Le roman nous conte le parcours de Romy depuis son passage chez France jusqu'à sa vie de jeune adulte. Le sujet est fort et s'empare d'un tabou avec cran ( non, il n'y a pas que des hommes pédophiles, surtout que les femmes ont beaucoup plus facilement accès aux enfants). Pour une entrée en littérature, Joffrine Donnadieu frappe fort... tout du moins par le thème énoncé, parce que le résultat apparaît plus mitigé.

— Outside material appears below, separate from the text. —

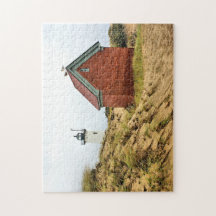 Faro Race Point, Cape Cod, Massachusetts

Difficile de rester indifférent au livre, qui démarre fort crûment, à la lisière du voyeurisme. On s'attache évidemment à Romy, pauvre enfant livrée à elle-même, à ses démons. L'autrice nous fait ressentir les sentiments ambiguës qui s'entrechoquent dans la tête de la petite fille.
Une fois France, partie en Nouvelle-Calédonie pour suivre son mari, lui aussi militaire, la vie continue et Romy va grandir et se débattre avec les démons qui l'assaillent. Là, le roman, n'y va pas de main morte et rien ne sera épargné à Romy.  L'anorexie, la boulimie, le suicide, les scarifications, la prostitution, ... se succèdent comme dans un catalogue. On en arrive à se demander si ce n'est pas un peu trop, surtout que l'écriture, alignant elle aussi toute une panoplie de styles divers ( énumérations, mode d'emploi, ...) n'arrive pas à trouver la cohérence nécessaire pour que l'ensemble soit réellement crédible.
On reste un peu dubitatif sur cette tentative, qui hormis le thème fort de départ, finit par se perdre dans un trop plein de misérabilisme et une écriture qui manque sérieusement d'unité.